Selon le communiqué, cet accord est le résultat d’échanges menés « dans un esprit de dialogue, de transparence et de responsabilité institutionnelle », sous l’autorité du Premier ministre et du président du CEP. Les discussions ont également bénéficié de l’appui technique du ministère de l’Économie et des Finances (MEF), chargé d’examiner les différentes composantes du budget.
Les autorités expliquent que cette évaluation s’est appuyée sur plusieurs paramètres, notamment les exigences logistiques du scrutin, « l’amélioration progressive de l’environnement sécuritaire et la reprise de la circulation dans certaines zones actuellement difficiles d’accès », ainsi que les capacités financières de l’État et les principes de bonne gestion des finances publiques.
Le communiqué précise toutefois que cette enveloppe de 120 millions de dollars américains « pourra être révisée, au besoin, sur décision conjointe des deux institutions », si les exigences du processus l’imposent.
La Primature et le CEP considèrent cet accord comme « une étape déterminante dans la préparation des prochaines échéances électorales ». Ils affirment partager la volonté de garantir « un processus électoral crédible, transparent, inclusif et conforme aux exigences démocratiques », tout en veillant à une utilisation rigoureuse des ressources publiques.

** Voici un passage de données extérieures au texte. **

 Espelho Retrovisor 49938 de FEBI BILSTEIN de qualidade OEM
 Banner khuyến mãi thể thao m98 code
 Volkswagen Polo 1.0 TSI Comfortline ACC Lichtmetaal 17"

Le Gouvernement réitère son engagement à mobiliser, « dans la limite des capacités de l’État et avec l’appui de ses partenaires nationaux et internationaux », les ressources nécessaires au financement des différentes phases du processus.
De son côté, le CEP renouvelle sa détermination à conduire les opérations électorales « avec impartialité, professionnalisme et indépendance », dans le respect du cadre constitutionnel, des lois en vigueur et des standards internationaux.